The jailer will take one of the prisoners (let us call him the “first” prisoner) with him into the aforementioned room, leaving the second prisoner outside. Inside the room the jailer will place exactly one coin on each square of the chess board, choosing to show heads or tails as he sees fit (e.g. randomly). Having done this he will then choose one square of the chess board and declare to the first prisoner that this is the “magic” square. The first prisoner must then turn over exactly one of the coins and exit the room. After the first prisoner has left the room, the second prisoner is admitted. The jailer will ask him to identify the magic square. If he is able to do this, both prisoners will be granted their freedom.

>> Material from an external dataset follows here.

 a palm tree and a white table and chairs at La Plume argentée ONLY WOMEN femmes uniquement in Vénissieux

These rules are explained to both prisoners before the game begins and they are allowed some time together to discuss their strategy. Of course the question is: what strategy should the prisoners adopt?

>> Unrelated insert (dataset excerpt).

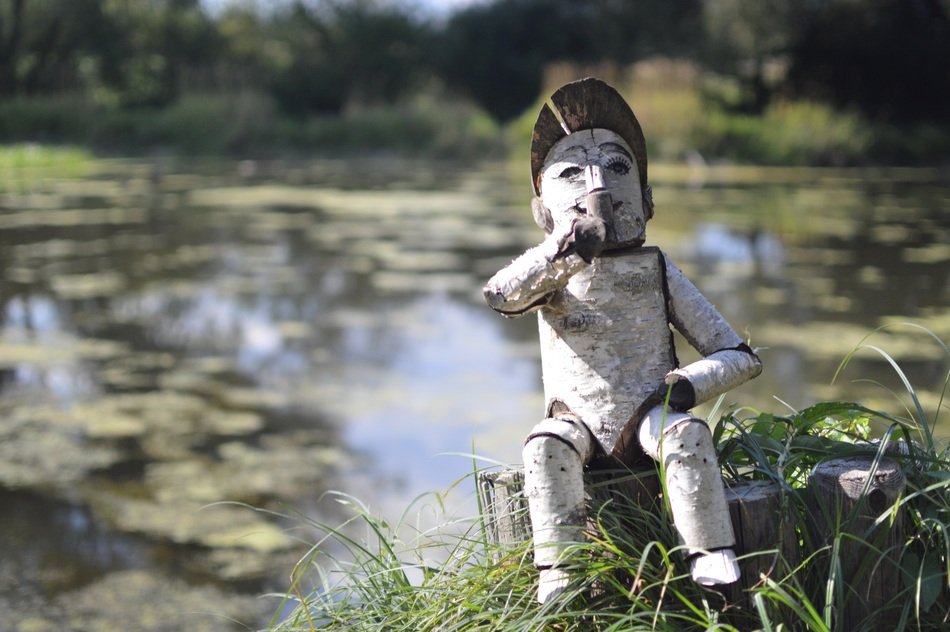 wooden doll by the lake close-up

There is an extremely simple and clever solution that uses the XOR operation. However we will detour into the realm of linear algebra and information theory and come back to the elegant one-line solution at the end of the post.

In this puzzle, it doesn’t matter that we have a 8 by 8 chessboard to place the coins. All it matters is that we have $n=64$ places to put the coins in. Also it doesn’t matter that the jailer declare a magic square. All it matters is that he pick a magic number from $0, 1, \ldots, n-1$, which corresponds to the position of the magic square, and tell the first prisoner the number.

Henceforth, we can consider the following puzzle.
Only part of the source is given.